S&P Global Platts to launch AI-driven carbon credit indices

12th March 2021 by CMIA

S&P Global Platts has announced a partnership with environmental investment company Viridios Capital to use artificial intelligence to bring transparency to the voluntary carbon market.

The move aims to drive price transparency in the rapidly-growing market for greenhouse gas emissions credits — particularly where projects deliver benefits that are additional to the underlying emissions reductions.

“The complex voluntary carbon markets are evolving at a rapid rate,” said Jonty Rushforth, head of price group at Platts, in a statement Feb. 24.

“Combining Platts robust and trusted price assessment data insight alongside Viridios Capital’s proven environmental AI technology will provide market participants with greater transparency into the market value of voluntary carbon credits and their associated co-benefits,” he said in a statement.

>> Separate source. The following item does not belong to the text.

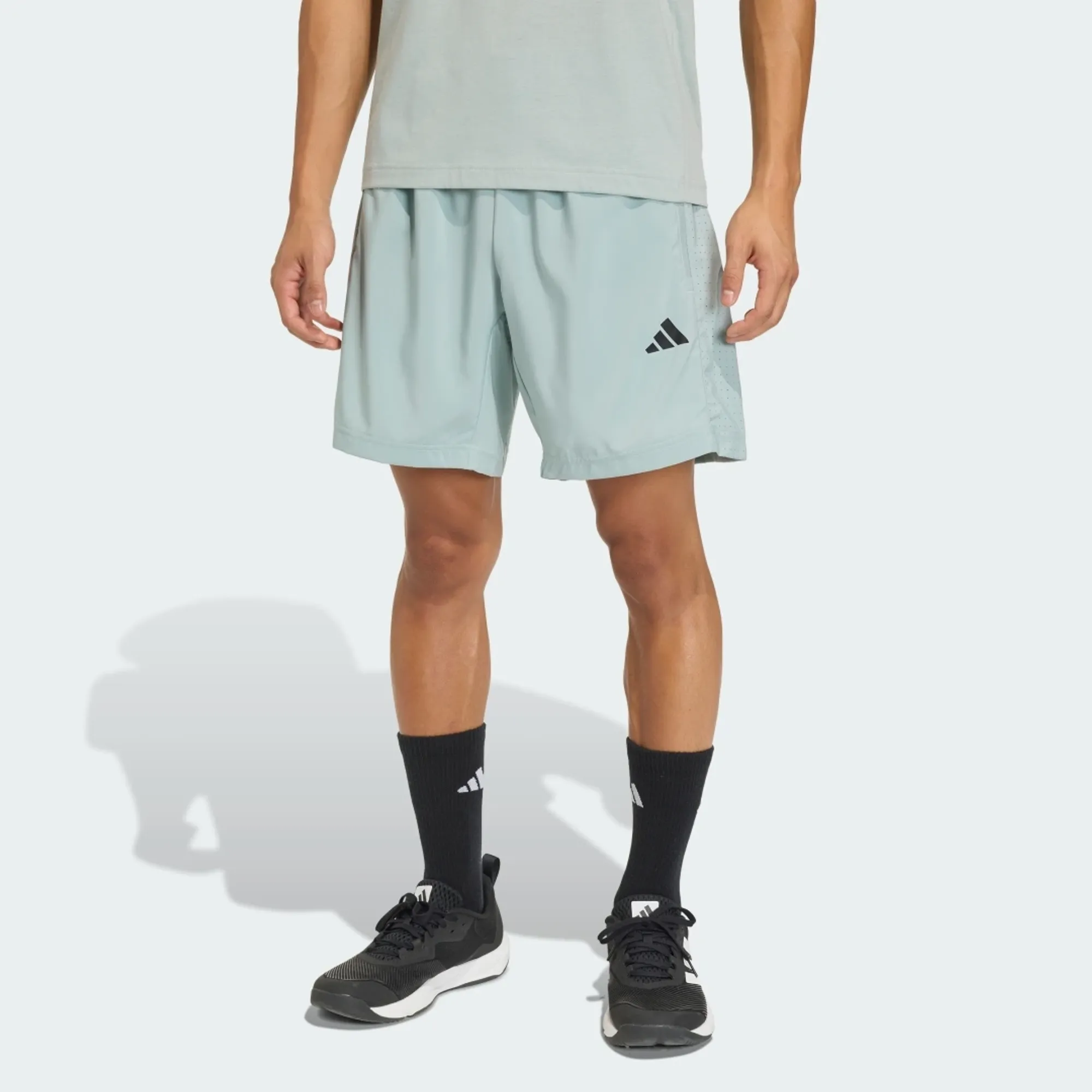 adidas WORKOUT ESSENTIALS BASE WOVEN SHORT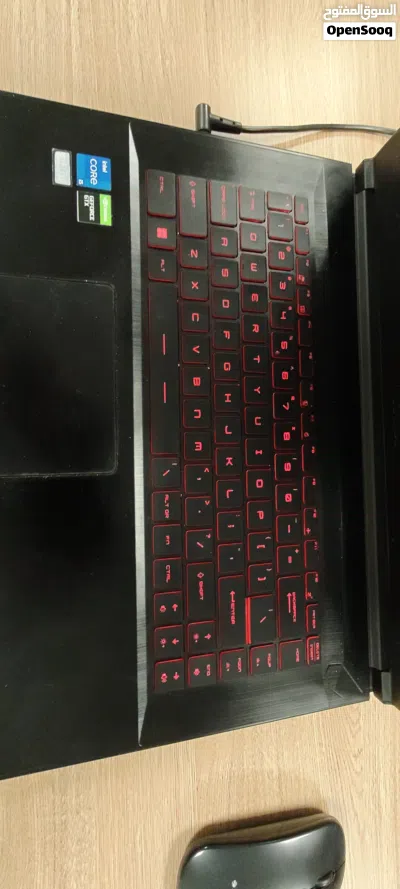 MSI Gaming laptop GF63 thin 2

The co-benefits relate to 17 United Nations Sustainable Development Goals, for example gender equality, clean water and biodiversity.

Carbon credits are generated by specific projects that avoid, reduce or remove greenhouse gas emissions, and are verified and validated by a set of independent standards that have been created by coalitions of non-governmental organizations and market participants over the last few decades.

The large number of differentiating factors associated with emissions reduction or removal projects — such as project technology, geography and the UN’s SDGs — present significant challenges in determining the value of the credits they generate.

A robust AI-modelled approach will bring a new level of clarity to voluntary carbon market participants, Platts said.

The two companies signed a memorandum of understanding that will involve a series of AI-driven carbon indices to enhance transparency into the co-benefits that projects deliver, providing market participants with a greater understanding of their market value.

The new indices will leverage environmental AI expertise provided by Viridios Capital, which has been trained on over 20,000 data points representing transactions from across the range of carbon projects around the world.

The model will also include daily inputs from a range of Platts price assessment data to produce evaluations for sets of credits with specified co-benefits including project types, vintages, locations and standards.

The new indices will complement Platts’ growing suite of voluntary carbon price assessments including the Platts CEC, launched in January 2021, which reflects the daily value of CORSIA-eligible carbon credits from the UN’s global aviation carbon offsetting program.

Global demand for carbon offset credits is expected to increase significantly as a growing number of companies and governments are setting targets to cut greenhouse gas emissions to net-zero by 2050.